April 24 (Reuters) - The fall in U.S. rigs drilling for oil quickened a bit this week, data showed on Friday, suggesting a
recent slowdown in the decline in drilling was temporary, after slumping oil prices caused energy companies to idle half the country's rigs since October.

Drillers idled 31 oil rigs this week, leaving 703 rigs active, after taking 26 and 42 rigs out of service in the previous two weeks, oil services firm Baker Hughes Inc said in its closely watched report.

With the oil rig decline this week, the number of active rigs has fallen for a record 20 weeks in a row to the lowest since 2010, according to Baker Hughes data going back to 1987.

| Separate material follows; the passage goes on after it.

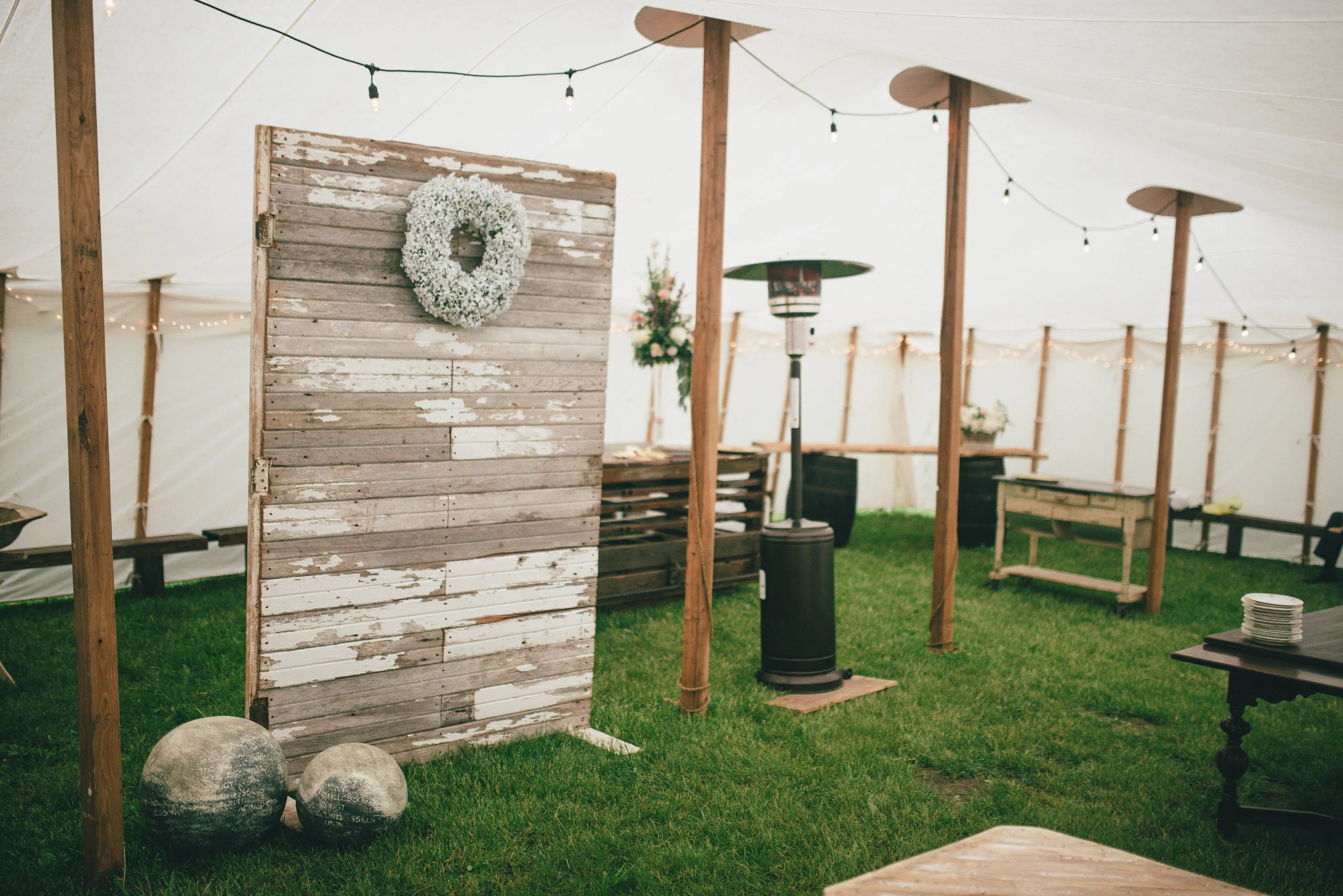 These next few are inside the ginormous tent that was beside the barn- where all the food and beverages were during the reception.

Since the number of oil rigs peaked at 1,609 in October, energy producers have responded quickly to the steep 60 percent drop in oil prices since last summer by cutting spending, eliminating jobs and idling rigs.

After its precipitous drop since October, the U.S. oil rig count is nearing a pivotal level that experts say could dent production, bolster prices and even coax oil companies back to the well pad in the coming months.

Pioneer Natural Resources Co, a top oil producer in the Permian Basin of West Texas, said this week it will start adding rigs in June as long as market conditions are favorable.

U.S. crude futures this week climbed to over $58 a barrel, the highest level this year, as a Saudi-led coalition continued bombings in Yemen.

That was up 38 percent from a six-year low near $42 set in mid March on oversupply concerns and lackluster demand, in part on expectations the lower rig count will start reducing U.S. oil output.

After rising mostly steadily since 2009, U.S. oil production has stalled near 9.4 million barrels a day since early March, the highest level since the early 1970s, according to government data.

The Permian Basin in West Texas and eastern New Mexico, the nation's biggest and fastest-growing shale oil basin, lost the most oil rigs, down 13 to 242, the lowest on record, according to data going back to 2011.

Texas was the state with the biggest rig decline, down 19 to 392, the least since 2009.

In Canada, active oil rigs fell by four to 16, the lowest since 2009.

U.S. natural gas rigs, meanwhile, climbed by eight to 225, the same as two weeks ago.